AN interesting document came my way the other day.

It is not as elegant as one of Lord Chesterfield’s “Letters to his Son”, but it gives an excellent insight into the workings of the mind of a senior government official, one of those “mandarins”, as they are more commonly referred to, who supervise the vast and ponderous machinery of the country’s cumbersome bureaucracy.

It is a letter written by a mandarin, on the eve of his retirement, to a young nephew who has just been appointed to a minor position in some ministry in Athens.

This is how it goes:

My Dear Nephew,
First let me congratulate you on your appointment as a permanent civil servant. As you know, nothing can budge you from your employment during the next thirty-five years except death, a gross misdemeanor, or your resignation following your marriage to the heavily-dowried daughter of a shipowner or industrialist. But do not have any illusions in this respect because it takes brains to marry money and if you had any you wouldn’t have entered the civil service in the first place.

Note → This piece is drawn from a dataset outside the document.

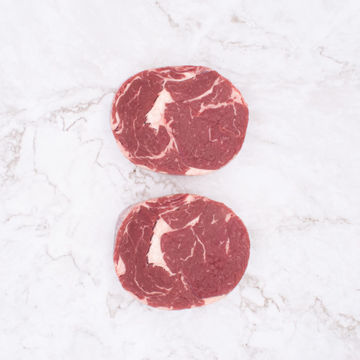 Picture of Beef - Ribeye Steak, Avg. 12oz, Each (Price per Kg)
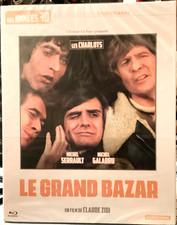LE GRAND BAZAR : CLAUDE ZIDI -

From now on, you owe allegiance to nobody except the all-powerful State which is your employer and, of course, to me who got you the job. If you do your duty by the State (and by me) you have nothing to worry about. You will receive regular promotion and you will eventually reach the age of retirement, as I have done, with all the benefits that go with it, including a couple of well-paid appointments to the Board of Directors of state-owned companies.

In your first post you will probably have to learn some kind of routine that is not very difficult but which, with a little practice, you can build up into a small mountain of paper work that might even fool your superiors. Remember that the first civil servant devised at least five complicated procedures in his department so that he could get jobs for five of his relatives and that every subsequent civil servant has done the same. So, in any self-respecting administration, the work that could be done by one man must be shared-out among at least a hundred people. Each of these is therefore faced with the problem of how to do nothing, yet appear to be on the verge of collapse from overwork.

I do not know what your specific job in the Ministry is going to be but if you watch your colleagues, you will soon get the hang of it. Two neat stacks of files on each side of your desk, three open ledgers before you and a constantly ringing phone are standard equipment. (The best way to have a constantly ringing phone is to write the number up in about a dozen phone booths under the name “Mimi” with your office hours. When it rings you can pretend to be carrying on an official conversation even after the amorous gentleman on the other end has hung up in disgust.) An added touch is half-open drawers with more piles of official-looking documents in them. All except the middle drawer in your desk in which you will keep your mid-morning sandwich or cheese pie, but more about that later. If you have any high-minded idea about being of service to the public and that, after all, it is the taxpayer who is paying your salary, forget it. I can assure you that if the taxpayer had any say in fixing your emoluments you would die of slow starvation. Your salary is paid by the State and the State rakes in its revenues by squeezing the taxpayer to the limit. The taxpayer should therefore always be made to toe the line and abide by the bureaucratic procedures which have been so carefully and assiduously built up over the years by many generations of former colleagues. Moreover, these procedures are backed by reams of legislation which means that by applying them strictly you are merely upholding the law of the land.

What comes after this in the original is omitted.